**EXERCISE AIM:** Output the listing below verbatim, without images.

**TASK MATERIAL:**
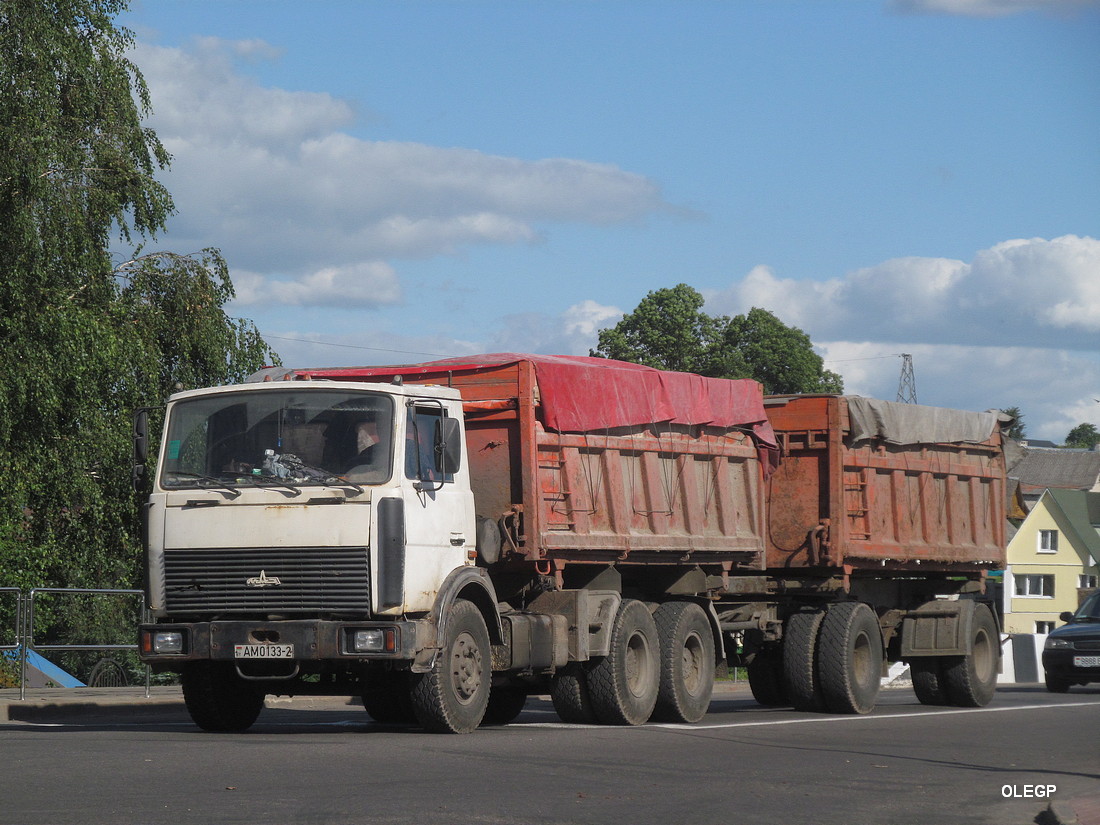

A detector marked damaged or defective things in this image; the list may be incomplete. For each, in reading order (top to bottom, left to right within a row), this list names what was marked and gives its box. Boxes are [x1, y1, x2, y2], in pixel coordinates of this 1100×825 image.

rust on truck body [765, 396, 1007, 576]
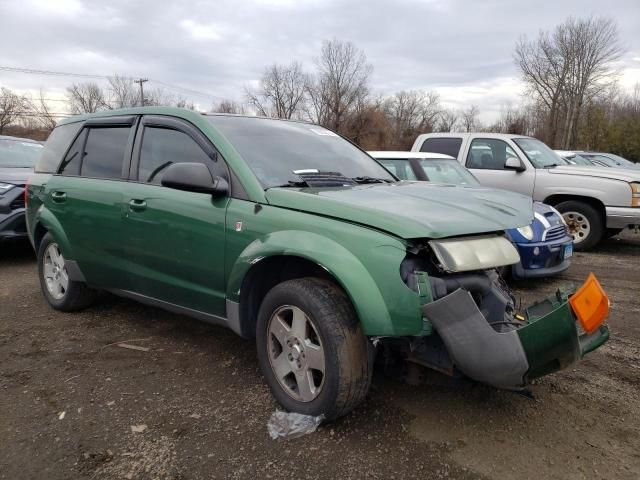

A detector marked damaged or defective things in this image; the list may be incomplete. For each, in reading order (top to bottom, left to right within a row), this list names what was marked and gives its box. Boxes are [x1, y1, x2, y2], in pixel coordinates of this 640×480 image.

cracked hood [264, 181, 536, 239]
detached front bumper [608, 206, 640, 229]
damaged green suv [28, 109, 608, 420]
detached front bumper [512, 238, 572, 280]
detached front bumper [420, 274, 608, 390]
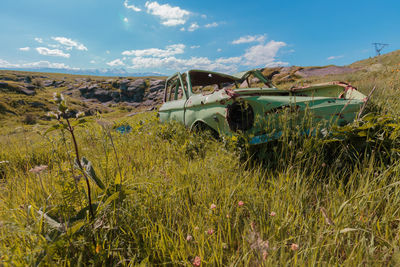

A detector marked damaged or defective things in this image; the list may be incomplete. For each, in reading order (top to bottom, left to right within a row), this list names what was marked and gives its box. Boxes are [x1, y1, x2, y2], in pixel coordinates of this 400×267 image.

abandoned pickup truck [159, 69, 366, 144]
rusted green metal [159, 69, 366, 144]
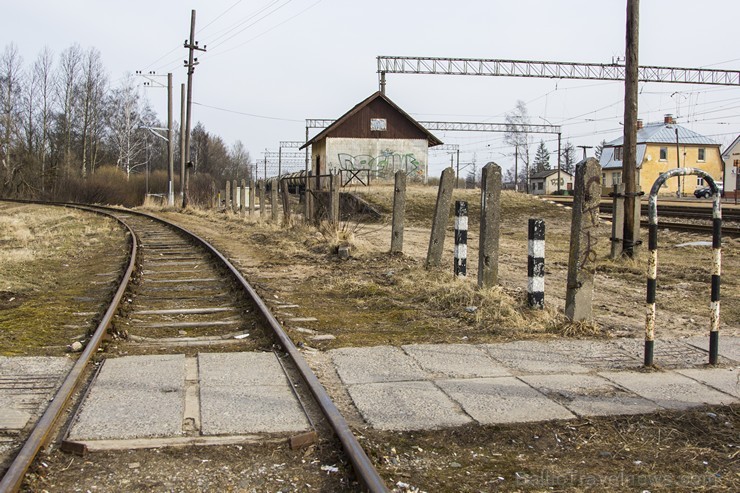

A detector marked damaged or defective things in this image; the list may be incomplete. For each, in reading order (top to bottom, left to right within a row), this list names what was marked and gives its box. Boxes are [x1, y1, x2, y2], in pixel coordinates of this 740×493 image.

rusty railway track [0, 201, 390, 492]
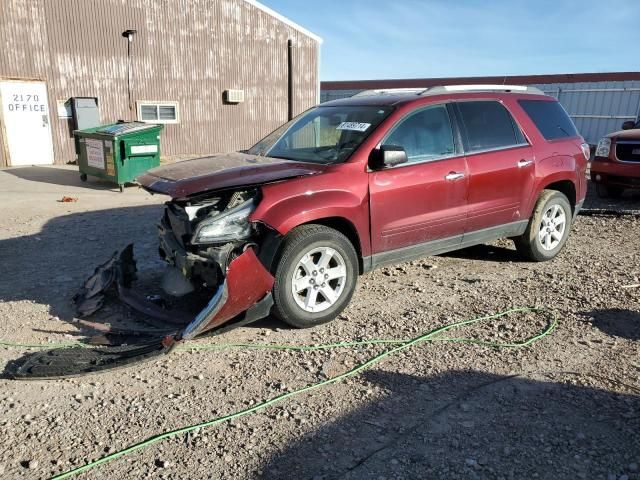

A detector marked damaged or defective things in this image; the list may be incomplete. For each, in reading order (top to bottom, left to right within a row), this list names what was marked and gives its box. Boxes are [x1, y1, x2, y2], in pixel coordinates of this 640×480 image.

crumpled hood [141, 154, 330, 199]
broken headlight [191, 198, 256, 244]
damaged gmc acadia [11, 86, 592, 378]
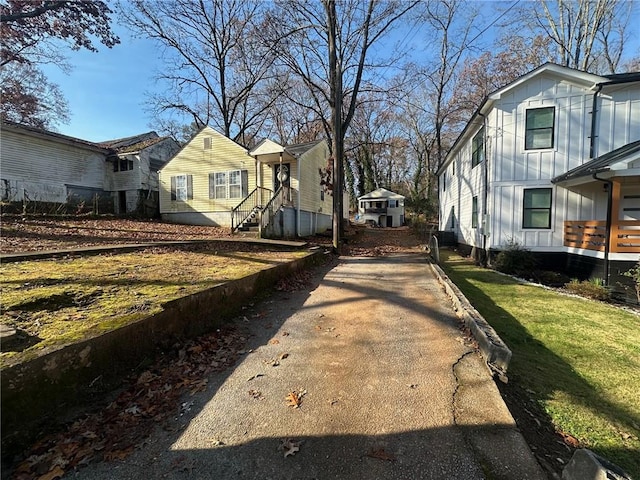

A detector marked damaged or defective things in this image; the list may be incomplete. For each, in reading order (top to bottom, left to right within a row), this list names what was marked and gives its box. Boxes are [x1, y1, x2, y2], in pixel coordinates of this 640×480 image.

cracked concrete [71, 253, 544, 478]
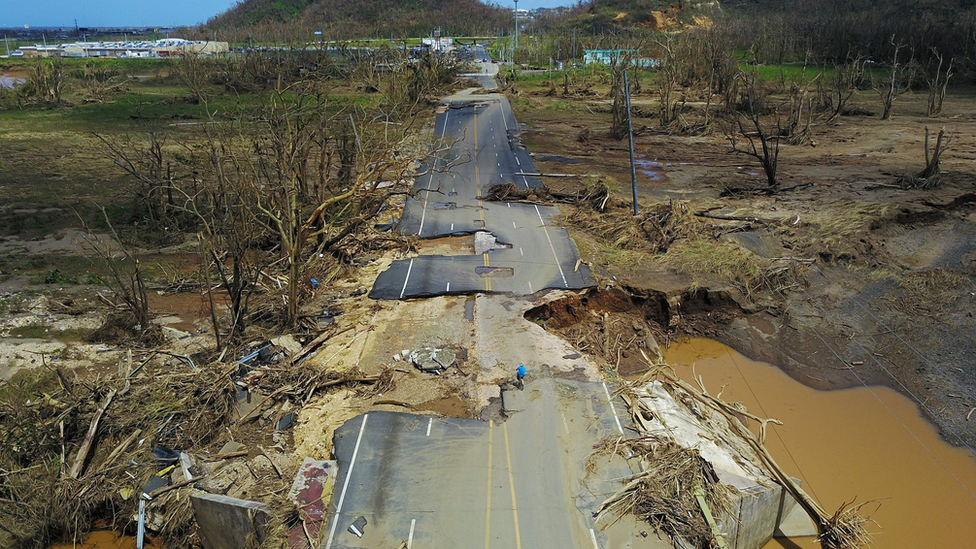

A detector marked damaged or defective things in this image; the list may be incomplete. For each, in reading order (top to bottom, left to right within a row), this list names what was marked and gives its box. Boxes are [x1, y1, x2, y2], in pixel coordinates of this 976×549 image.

broken concrete block [191, 492, 268, 548]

**WRITTEN SOLUTION:**
A detector marked damaged or defective things in this image; the list may be incomplete. For each, in reading order (top to bottom, left to right within a row), this list names what was marked and gives its box. Boxes are [x1, y1, x2, y2], in pixel coordinates of this 1100×825 image.

rust on truck body [765, 396, 1007, 576]

A detector marked damaged or defective things in this image; the list may be incomplete. For each, in reading order (top to bottom, left to right within a row), this list names what was marked and gives its box. Boxes are [x1, y1, x2, y2], in pixel coordinates of this 640×480 image.

cracked hood [264, 181, 536, 239]
detached front bumper [608, 206, 640, 229]
damaged green suv [28, 109, 608, 420]
detached front bumper [512, 238, 572, 280]
detached front bumper [420, 274, 608, 390]

A detector marked damaged or defective things in this image; the list may be incomplete. For each, in reading order (top to bottom, left to right within a row), this list names what was marked and gives its box. Boxes are [x1, y1, x2, y2], in pixel coordinates of this 400×267 image.

abandoned pickup truck [159, 69, 366, 144]
rusted green metal [159, 69, 366, 144]

A detector marked damaged or defective things in this image; the list may be incomplete. For each, in reading order (top to bottom, left to right within a row), this list names what was marked and gives its box. Boxes are [x1, y1, x2, y2], in pixel coordinates of this 740×493 image.

rusty railway track [0, 201, 390, 492]

A detector marked damaged or defective things in this image; the list may be incomplete. For each, in reading order (top to bottom, left to right within a row), this list names what was marked and gives its box. Boxes are [x1, y1, x2, y2], in pixel coordinates of this 640×480 image.

crumpled hood [141, 154, 330, 199]
broken headlight [191, 198, 256, 244]
damaged gmc acadia [11, 86, 592, 378]

A detector marked damaged or defective things in this image; the list may be incomplete. For each, in reading order (top to bottom, left to right within a row), this list names what was marked and gives its box. Boxes are [x1, y1, x2, y2], in pixel coordinates of this 640×480 image.

cracked concrete [71, 253, 544, 478]

A detector marked damaged or defective things in this image; the list may be incomplete. For each, in reading order (top to bottom, left to right within a row), this list names what was marked and gives its box. Boxes are [x1, y1, x2, y2], in pixel coordinates of this 976×549 image.

broken concrete block [191, 492, 268, 548]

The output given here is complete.